THE FOREGOING GIFTS HAVE AN ESTIMATED VALUE OF $1350 TO 1500 WELL IN EXCESS OF THE REPORTING REQUIREMENTS.
THE COMMISSIONERS FINANCIAL DISCLOSURE FORM FOR THE CALENDAR YEAR 1990 WHICH COVERS THE DATE OF THE SUBJECT EVENT ON FRIDAY APRIL 20 1990 SHOWS NO GIFTS RECEIVED.
IN ADDITION TO COMMENTS MADE TO VARIOUS INDIVIDUALS ABOUT THE DETAILS OF THE TRIP, INCLUDING THE FACT THAT ALL EXPENSES HAD BEEN PAID BY THE BOND BROKERS, THE COMMISSIONER WAS OBSERVED AT THE EVENT BY NUMEROUS LOCAL OFFICIALS AND RESIDENTS.
(Exhibit 1, Complaint dated February 2, 1992)
Leslie McDermott did not ask Bill Andrews or Mary McCarty whether she attended the function. He did not contact anyone, including the sponsor of the event, who would likely have personal knowledge of her attendance. Instead, he relied on rumors and indirect reports, all which he knew were based on these tenuous connections:
Bill Andrews used the term "we" in bragging about the trip.

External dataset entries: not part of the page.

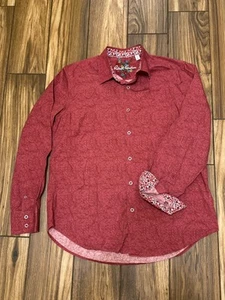 Robert Graham Armstrong Long Sleeve Cotton Button Down Shirt Burgundy Size L - Picture 1 of 9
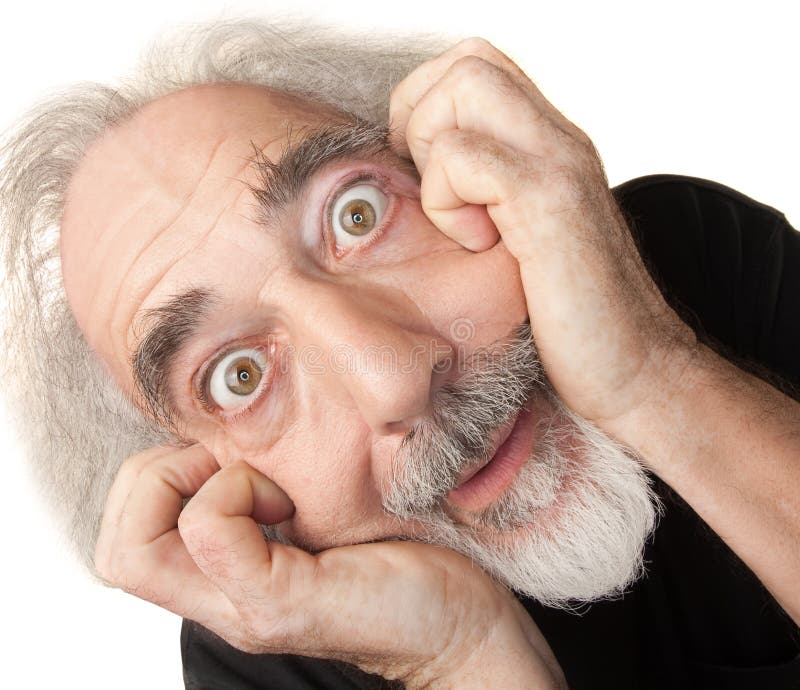 Mâle aîné effrayé image stock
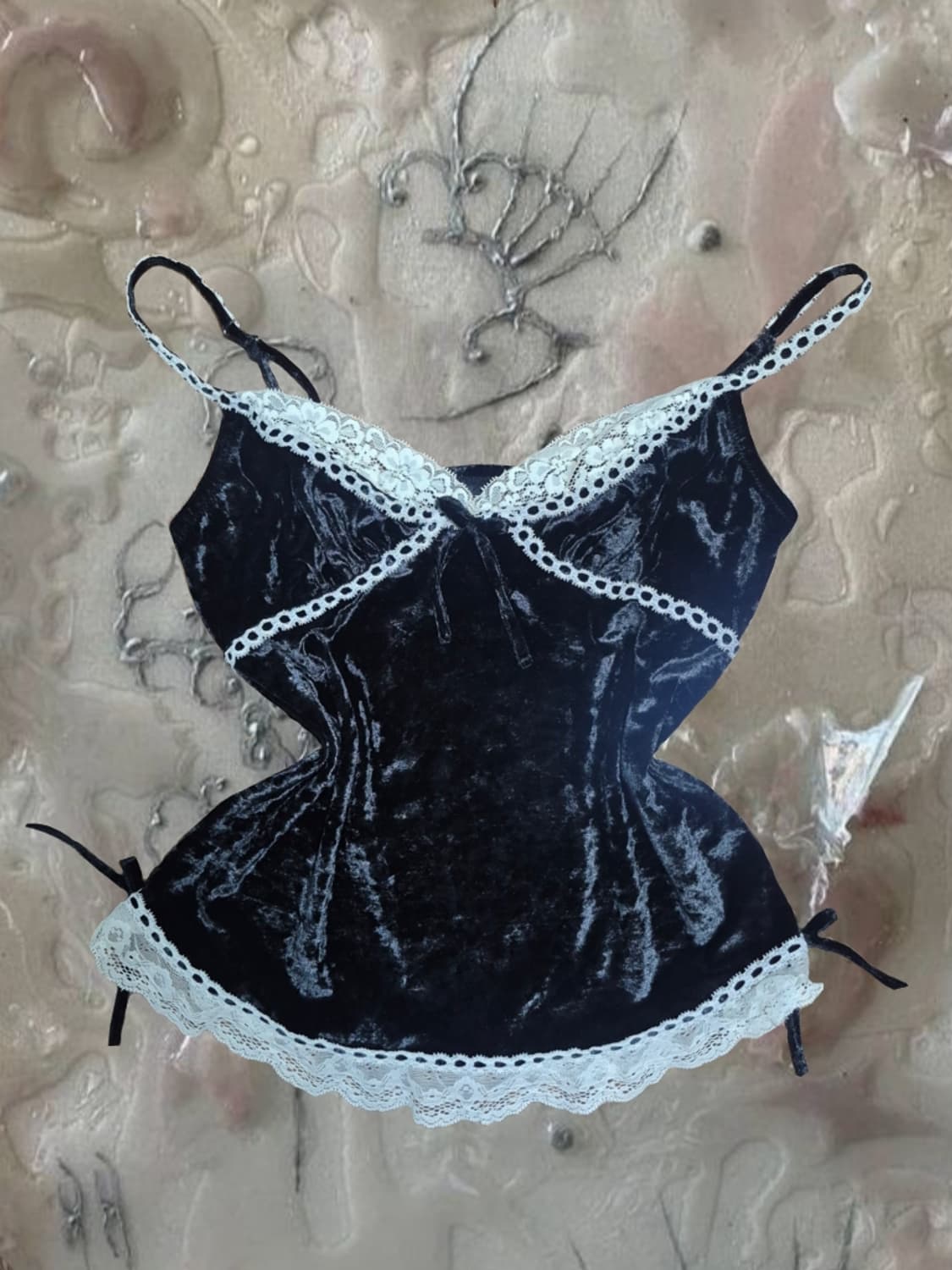 일본 빈티지 에메필 벨벳 레이스 슬립 로걀탑 나시 공겜여주 오네갸루 상품이미지3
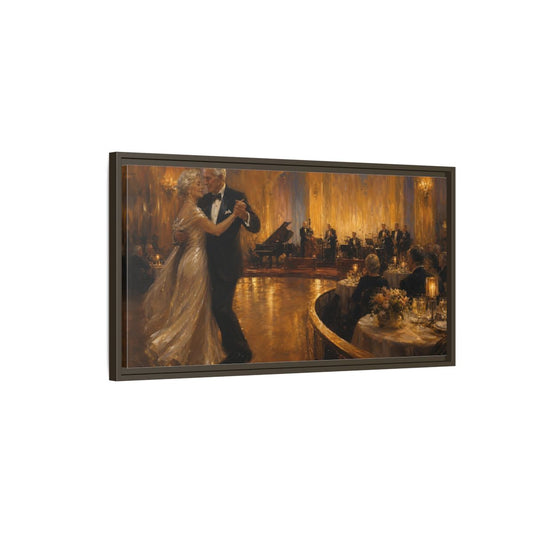 Main Mockup. Golden Ballroom Waltz shown as framed canvas print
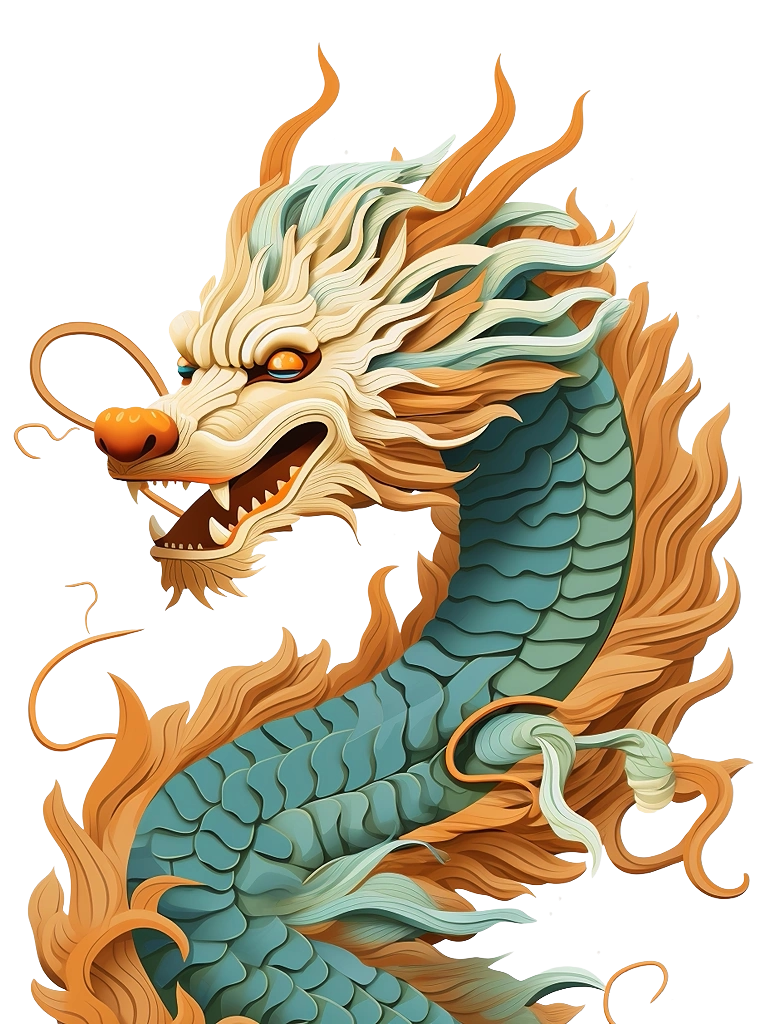 手绘2024新年龙卡通龙年春节新年喜庆龙新年龙剪纸png免扣素材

Mary McCarty frequently attended political events and was politically active.
Mary McCarty and Bill Andrews, both Republicans (but not the only Republicans on the city council), often voted alike.
Some unnamed persons overheard conversations which made them believe that Bill Andrews and Mary McCarty were on the trip together.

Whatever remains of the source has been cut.